1. Contract Theory, applied to commercial exchange
2. Due Care Theory, applied to commercial exchange
3. Contract Theory, extended to employer-employee relations
4. Due Care Theory, extended to employer-employee relations
5. Responsibility

I. Theories of Fair Exchange--The Original Model

A. Contract theory:

  • applies to conditions of rough equality
  • centers on voluntary nature of deal-making
  • 1. Precontractual duties

    a. Duty to disclose nature of product/service

    b. Duty not to misrepresent nature of product/service

    Statements of seller include factors such as reliability, ease of maintenance, service life, and safety of the product. (More on these below.)

    If a contract is created, then these become promises that morally must be fulfilled.

    VIOLATION OF DUTY NOT TO MISREPRESENT IS "FRAUD."

    c.
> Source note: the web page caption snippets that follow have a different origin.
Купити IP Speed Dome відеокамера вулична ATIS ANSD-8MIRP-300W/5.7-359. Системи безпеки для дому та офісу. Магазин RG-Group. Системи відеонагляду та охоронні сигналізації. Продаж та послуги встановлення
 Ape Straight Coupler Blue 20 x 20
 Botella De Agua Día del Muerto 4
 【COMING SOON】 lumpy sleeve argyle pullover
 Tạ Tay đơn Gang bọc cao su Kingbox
Duty not to "coerce" -- VIOLATION: "FORCE"

    Party superior in power must limit its ability to compel the other party to act contrary to its wishes.
    (Problem: Is it permissible to consciously persuade the other party to wish and thus to act contrary to its true needs?)

    2. The duty to comply, involving dimensions including

  • reliability: probability that it will operate as buyer has been led to expect it will operate
  • service life: how long will it be useful?
  • maintainability: how easily serviced?
  • safety
    When is a product sufficiently safe?

  • all remaining risks are understood by consumer
  • consumers can judge their probability and severity
  • consumers voluntarily accept them
  • consumers can cope with them
  • VIOLATION OF DUTY TO COMPLY: BREACH OF CONTRACT
    B. Due care theory:
  • Applies in conditions of significant inequality.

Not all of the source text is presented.